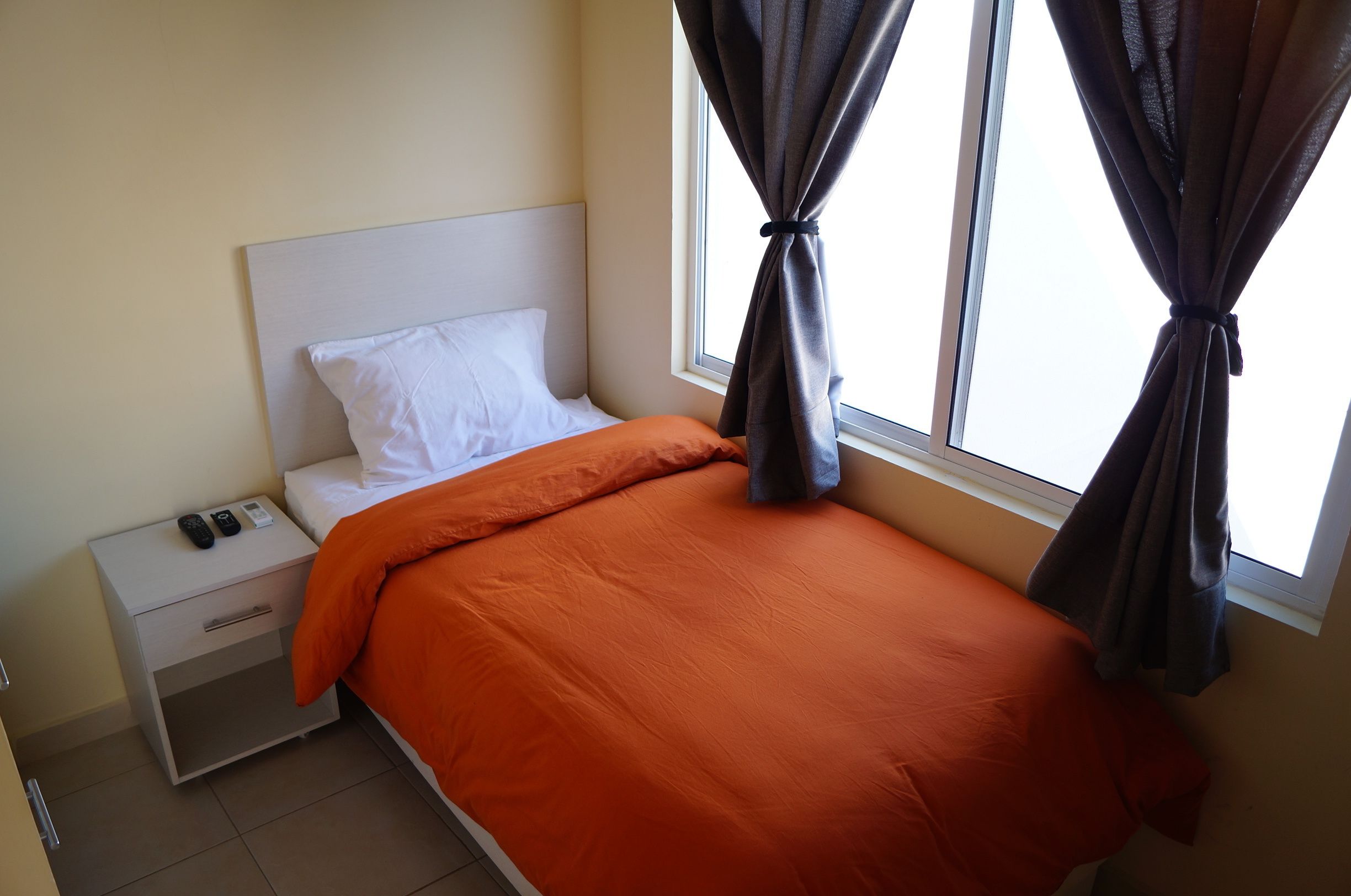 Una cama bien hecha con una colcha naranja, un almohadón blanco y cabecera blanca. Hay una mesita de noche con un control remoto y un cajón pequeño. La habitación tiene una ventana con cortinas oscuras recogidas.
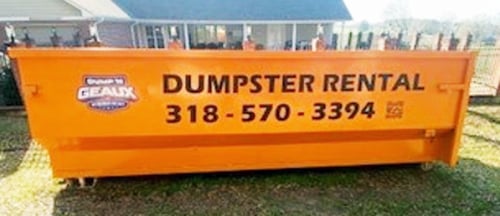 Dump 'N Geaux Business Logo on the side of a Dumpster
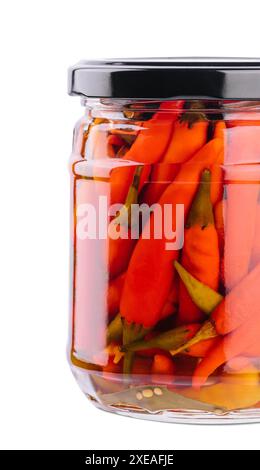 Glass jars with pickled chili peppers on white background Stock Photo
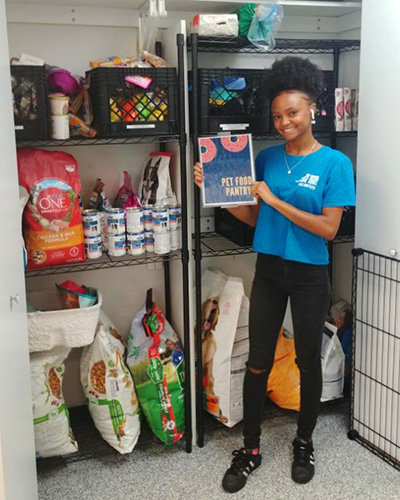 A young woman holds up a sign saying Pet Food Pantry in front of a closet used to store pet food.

■ ■ ■ ■ ■

__Task__:
The answer should be the full material above, printed exactly, with no pictures in it.

__Result below__:
 Una cama bien hecha con una colcha naranja, un almohadón blanco y cabecera blanca. Hay una mesita de noche con un control remoto y un cajón pequeño. La habitación tiene una ventana con cortinas oscuras recogidas.
 Dump 'N Geaux Business Logo on the side of a Dumpster
 Glass jars with pickled chili peppers on white background Stock Photo
 A young woman holds up a sign saying Pet Food Pantry in front of a closet used to store pet food.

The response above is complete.